**** RECORD EXCERPTS ****

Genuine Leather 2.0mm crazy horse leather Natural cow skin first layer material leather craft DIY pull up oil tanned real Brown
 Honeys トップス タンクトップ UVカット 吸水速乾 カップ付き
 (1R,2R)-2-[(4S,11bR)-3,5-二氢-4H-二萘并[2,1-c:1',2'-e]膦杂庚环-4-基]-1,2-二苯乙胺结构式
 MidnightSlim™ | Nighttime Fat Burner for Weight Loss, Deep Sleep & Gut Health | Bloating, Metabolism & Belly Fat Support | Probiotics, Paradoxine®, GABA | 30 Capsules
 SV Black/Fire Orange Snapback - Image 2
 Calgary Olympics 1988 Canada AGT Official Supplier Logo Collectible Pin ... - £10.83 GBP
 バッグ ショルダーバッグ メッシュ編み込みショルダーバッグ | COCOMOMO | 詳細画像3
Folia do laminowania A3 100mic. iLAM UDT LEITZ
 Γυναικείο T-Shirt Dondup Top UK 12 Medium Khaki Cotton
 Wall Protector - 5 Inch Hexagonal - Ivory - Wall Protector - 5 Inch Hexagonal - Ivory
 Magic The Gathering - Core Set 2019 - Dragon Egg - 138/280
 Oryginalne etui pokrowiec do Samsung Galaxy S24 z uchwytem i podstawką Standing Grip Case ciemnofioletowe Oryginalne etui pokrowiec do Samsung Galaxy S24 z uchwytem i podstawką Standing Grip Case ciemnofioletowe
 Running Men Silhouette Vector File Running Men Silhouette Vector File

****

--- PROBLEM TO WORK ON ---
Extract the first line above and each line after it up to and including the one with "Magic The Gathering", please, exactly and with nothing else.

--- YOUR SOLUTION ---
Genuine Leather 2.0mm crazy horse leather Natural cow skin first layer material leather craft DIY pull up oil tanned real Brown
 Honeys トップス タンクトップ UVカット 吸水速乾 カップ付き
 (1R,2R)-2-[(4S,11bR)-3,5-二氢-4H-二萘并[2,1-c:1',2'-e]膦杂庚环-4-基]-1,2-二苯乙胺结构式
 MidnightSlim™ | Nighttime Fat Burner for Weight Loss, Deep Sleep & Gut Health | Bloating, Metabolism & Belly Fat Support | Probiotics, Paradoxine®, GABA | 30 Capsules
 SV Black/Fire Orange Snapback - Image 2
 Calgary Olympics 1988 Canada AGT Official Supplier Logo Collectible Pin ... - £10.83 GBP
 バッグ ショルダーバッグ メッシュ編み込みショルダーバッグ | COCOMOMO | 詳細画像3
Folia do laminowania A3 100mic. iLAM UDT LEITZ
 Γυναικείο T-Shirt Dondup Top UK 12 Medium Khaki Cotton
 Wall Protector - 5 Inch Hexagonal - Ivory - Wall Protector - 5 Inch Hexagonal - Ivory
 Magic The Gathering - Core Set 2019 - Dragon Egg - 138/280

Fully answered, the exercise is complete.